- Relator(a)
- Ministro Jorge Mussi
- Órgão julgador
- Quinta Turma
- Data do julgamento
- 02/08/2012
- Data de publicação
- 15/08/2012
STJ – Acórdão, Rel. Ministro Jorge Mussi, Quinta Turma, j. 02/08/2012, p. 15/08/2012
HABEAS CORPUS. PORTE ILEGAL DE ARMA DE FOGO DE USO RESTRITO COM NUMERAÇÃO SUPRIMIDA. DOSIMETRIA. ATENUANTE GENÉRICA. CONFISSÃO ESPONTÂNEA. PENA-BASE FIXADA NO MÍNIMO LEGAL. IMPOSSIBILIDADE DE REDUÇÃO AQUÉM DO PISO LEGALMENTE PREVISTO. SÚMULA 231 DESTA CORTE SUPERIOR DE JUSTIÇA. CONSTRANGIMENTO ILEGAL NÃO EVIDENCIADO. 1. Inviável considerar ilegal o acórdão objurgado no ponto em que, em razão da atenuante genérica da confissão espontânea, não reduziu a reprimenda do paciente aquém do mínimo legalmente previsto em lei, em estrita observância ao enunciado na Súmula 231 desta Corte Superior de Justiça.
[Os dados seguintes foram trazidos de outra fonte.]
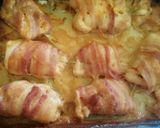 Csirkemell sajttal baconba tekerve recept fázis 2 fotója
PENA RECLUSIVA. SUBSTITUIÇÃO POR RESTRITIVAS DE DIREITOS. REQUISITOS SUBJETIVOS. NÃO PREENCHIMENTO. INSUFICIÊNCIA DA MEDIDA. ILEGALIDADE NÃO CONFIGURADA. 1. Nos termos do art. 44, inciso III, do CP, "As penas restritivas de direitos são autônomas e substituem as privativas de liberdade, quando: III - a culpabilidade, os antecedentes, a conduta social e a personalidade do condenado, bem como os motivos e as circunstâncias indicarem que essa substituição seja suficiente". 2. Inviável acoimar de ilegal a decisão que não concedeu o benefício previsto no art. 44 do CP, pois o fato de o paciente estar no gozo do benefício da progressão ao regime semiaberto concedido na execução da reprimenda que lhe havia sido imposta em condenação anterior, ao tempo do crime em exame, evidencia que a conversão da sanção reclusiva não se mostrará suficiente para a prevenção e repressão do delito denunciado. PENA. REGIME INICIAL DE CUMPRIMENTO. MODIFICAÇÃO PARA O FECHADO POR FORÇA DE RECURSO DO MINISTÉRIO PÚBLICO. PACIENTE FORAGIDO DO SISTEMA PRISIONAL. MODO MAIS GRAVOSO JUSTIFICADO. ILEGALIDADE NÃO CONFIGURADA. 1. O fato de o paciente, já condenado pelo delito de roubo qualificado, ter cometido o crime ora em exame após ser agraciado com o benefício do regime semiaberto e não mais ter retornado ao sistema prisional, são fatores que demonstram que a forma mais gravosa para o início da sanção privativa de liberdade mostra-se justificada e é a mais adequada para a prevenção e repressão do delito denunciado. 2. Ordem denegada. (HC n. 163.682/SP, relator Ministro Jorge Mussi, Quinta Turma, julgado em 2/8/2012, DJe de 15/8/2012.)